(Directions for this task):
Only a number is wanted here: how many lines in the entries below contain the word "Angeles".

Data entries
════════════════════

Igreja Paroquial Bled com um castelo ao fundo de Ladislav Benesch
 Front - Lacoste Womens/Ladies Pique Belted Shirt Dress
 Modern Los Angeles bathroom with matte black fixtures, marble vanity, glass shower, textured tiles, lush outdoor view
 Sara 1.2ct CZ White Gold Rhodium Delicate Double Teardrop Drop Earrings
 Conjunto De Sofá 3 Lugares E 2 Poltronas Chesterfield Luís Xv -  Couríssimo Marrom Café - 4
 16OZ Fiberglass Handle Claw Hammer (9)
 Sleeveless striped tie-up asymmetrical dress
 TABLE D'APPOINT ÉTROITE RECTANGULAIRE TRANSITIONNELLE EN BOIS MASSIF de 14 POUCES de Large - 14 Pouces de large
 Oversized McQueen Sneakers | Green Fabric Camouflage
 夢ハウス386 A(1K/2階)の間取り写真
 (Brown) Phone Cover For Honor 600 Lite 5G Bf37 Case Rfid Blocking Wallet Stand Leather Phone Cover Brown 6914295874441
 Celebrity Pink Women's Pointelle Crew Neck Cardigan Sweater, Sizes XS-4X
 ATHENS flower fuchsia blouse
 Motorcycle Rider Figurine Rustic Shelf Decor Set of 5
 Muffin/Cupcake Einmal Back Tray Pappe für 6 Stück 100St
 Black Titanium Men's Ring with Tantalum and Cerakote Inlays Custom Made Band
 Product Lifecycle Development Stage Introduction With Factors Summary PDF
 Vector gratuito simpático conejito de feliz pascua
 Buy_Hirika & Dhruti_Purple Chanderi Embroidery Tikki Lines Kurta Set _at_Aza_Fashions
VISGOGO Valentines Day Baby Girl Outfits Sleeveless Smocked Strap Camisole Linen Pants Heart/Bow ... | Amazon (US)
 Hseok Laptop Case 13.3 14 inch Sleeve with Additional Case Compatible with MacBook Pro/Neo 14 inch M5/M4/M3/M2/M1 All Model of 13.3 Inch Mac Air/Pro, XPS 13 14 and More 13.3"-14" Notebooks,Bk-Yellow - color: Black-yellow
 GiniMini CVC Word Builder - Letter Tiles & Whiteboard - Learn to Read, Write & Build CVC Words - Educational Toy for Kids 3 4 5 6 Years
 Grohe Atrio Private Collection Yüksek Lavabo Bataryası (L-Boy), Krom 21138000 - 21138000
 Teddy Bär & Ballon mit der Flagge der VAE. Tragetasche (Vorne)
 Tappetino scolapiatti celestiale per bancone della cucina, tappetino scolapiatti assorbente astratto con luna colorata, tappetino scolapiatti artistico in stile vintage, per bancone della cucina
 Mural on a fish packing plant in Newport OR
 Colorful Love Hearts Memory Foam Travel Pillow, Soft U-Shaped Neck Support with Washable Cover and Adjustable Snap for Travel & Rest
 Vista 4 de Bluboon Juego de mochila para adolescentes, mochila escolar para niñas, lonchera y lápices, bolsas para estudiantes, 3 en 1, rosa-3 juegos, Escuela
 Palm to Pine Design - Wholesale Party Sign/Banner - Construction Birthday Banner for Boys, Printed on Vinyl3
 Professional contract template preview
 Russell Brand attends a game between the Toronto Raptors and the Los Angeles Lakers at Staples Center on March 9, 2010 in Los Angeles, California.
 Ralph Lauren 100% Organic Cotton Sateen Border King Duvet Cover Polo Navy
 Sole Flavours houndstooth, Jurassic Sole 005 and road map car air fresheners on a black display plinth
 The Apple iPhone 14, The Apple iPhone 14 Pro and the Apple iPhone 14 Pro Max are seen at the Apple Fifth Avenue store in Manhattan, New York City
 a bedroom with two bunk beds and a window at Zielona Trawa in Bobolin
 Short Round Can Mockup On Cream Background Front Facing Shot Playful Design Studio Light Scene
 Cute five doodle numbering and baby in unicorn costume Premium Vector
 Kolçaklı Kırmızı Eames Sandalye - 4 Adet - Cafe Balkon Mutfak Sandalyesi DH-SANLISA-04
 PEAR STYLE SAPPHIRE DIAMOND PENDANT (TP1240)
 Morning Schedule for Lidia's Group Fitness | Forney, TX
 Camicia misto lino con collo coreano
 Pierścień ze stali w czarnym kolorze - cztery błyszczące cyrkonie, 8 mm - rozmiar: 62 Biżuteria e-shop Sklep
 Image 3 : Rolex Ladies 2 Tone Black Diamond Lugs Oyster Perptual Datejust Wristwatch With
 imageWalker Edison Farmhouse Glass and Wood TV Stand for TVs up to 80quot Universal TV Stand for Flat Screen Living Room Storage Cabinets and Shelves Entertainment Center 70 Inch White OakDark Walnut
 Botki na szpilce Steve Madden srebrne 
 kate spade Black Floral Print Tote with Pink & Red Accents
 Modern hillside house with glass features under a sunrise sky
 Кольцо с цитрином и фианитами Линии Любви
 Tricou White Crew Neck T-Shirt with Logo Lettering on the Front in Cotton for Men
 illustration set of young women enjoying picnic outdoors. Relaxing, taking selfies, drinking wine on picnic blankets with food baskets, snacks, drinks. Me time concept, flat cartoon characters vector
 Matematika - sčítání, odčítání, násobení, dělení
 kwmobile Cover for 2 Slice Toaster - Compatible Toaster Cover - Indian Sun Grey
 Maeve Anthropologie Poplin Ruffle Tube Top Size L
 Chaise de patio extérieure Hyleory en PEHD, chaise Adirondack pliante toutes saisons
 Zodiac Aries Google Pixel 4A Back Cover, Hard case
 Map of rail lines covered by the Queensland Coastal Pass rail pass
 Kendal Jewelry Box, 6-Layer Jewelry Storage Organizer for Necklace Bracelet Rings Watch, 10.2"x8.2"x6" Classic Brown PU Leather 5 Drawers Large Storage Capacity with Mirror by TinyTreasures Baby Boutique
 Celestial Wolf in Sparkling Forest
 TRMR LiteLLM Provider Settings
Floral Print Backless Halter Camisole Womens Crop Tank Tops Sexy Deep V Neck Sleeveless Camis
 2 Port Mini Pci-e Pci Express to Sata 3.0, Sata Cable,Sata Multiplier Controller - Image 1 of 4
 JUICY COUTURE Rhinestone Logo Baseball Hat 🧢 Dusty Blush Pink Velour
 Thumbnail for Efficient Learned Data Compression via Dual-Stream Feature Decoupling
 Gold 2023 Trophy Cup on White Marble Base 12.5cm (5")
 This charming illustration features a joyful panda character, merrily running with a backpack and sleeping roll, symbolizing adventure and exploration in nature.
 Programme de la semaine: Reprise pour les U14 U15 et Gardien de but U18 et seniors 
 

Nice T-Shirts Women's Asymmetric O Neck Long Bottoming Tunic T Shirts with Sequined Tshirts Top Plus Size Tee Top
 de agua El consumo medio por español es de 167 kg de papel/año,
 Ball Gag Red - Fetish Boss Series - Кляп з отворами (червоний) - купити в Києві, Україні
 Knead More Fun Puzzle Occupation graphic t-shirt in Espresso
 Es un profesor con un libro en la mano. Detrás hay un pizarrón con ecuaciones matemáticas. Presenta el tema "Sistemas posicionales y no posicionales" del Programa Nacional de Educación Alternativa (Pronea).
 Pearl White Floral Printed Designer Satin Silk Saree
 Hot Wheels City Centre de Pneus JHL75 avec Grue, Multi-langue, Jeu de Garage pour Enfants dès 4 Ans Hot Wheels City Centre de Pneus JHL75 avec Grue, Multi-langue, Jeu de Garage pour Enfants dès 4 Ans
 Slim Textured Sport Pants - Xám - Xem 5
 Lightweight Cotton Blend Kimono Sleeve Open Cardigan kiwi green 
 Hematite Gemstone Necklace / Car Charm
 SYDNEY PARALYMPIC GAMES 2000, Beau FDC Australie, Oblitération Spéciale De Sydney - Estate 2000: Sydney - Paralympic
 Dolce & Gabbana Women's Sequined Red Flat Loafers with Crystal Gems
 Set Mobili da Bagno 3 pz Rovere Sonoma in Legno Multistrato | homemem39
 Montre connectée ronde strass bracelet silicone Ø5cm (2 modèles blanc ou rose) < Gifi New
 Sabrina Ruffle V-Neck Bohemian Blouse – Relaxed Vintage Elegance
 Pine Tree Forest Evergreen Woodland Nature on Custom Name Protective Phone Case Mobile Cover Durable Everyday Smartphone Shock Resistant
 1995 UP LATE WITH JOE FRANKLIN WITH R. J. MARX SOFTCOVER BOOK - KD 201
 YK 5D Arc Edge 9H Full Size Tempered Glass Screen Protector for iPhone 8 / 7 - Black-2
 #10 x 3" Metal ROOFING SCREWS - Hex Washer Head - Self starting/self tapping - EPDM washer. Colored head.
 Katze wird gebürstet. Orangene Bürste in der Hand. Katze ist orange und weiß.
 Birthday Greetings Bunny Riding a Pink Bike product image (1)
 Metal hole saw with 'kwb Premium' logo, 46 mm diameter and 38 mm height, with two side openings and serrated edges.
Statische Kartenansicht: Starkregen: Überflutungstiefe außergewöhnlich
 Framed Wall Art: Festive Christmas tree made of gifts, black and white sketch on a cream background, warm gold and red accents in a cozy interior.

════════════════════

(Solution):
2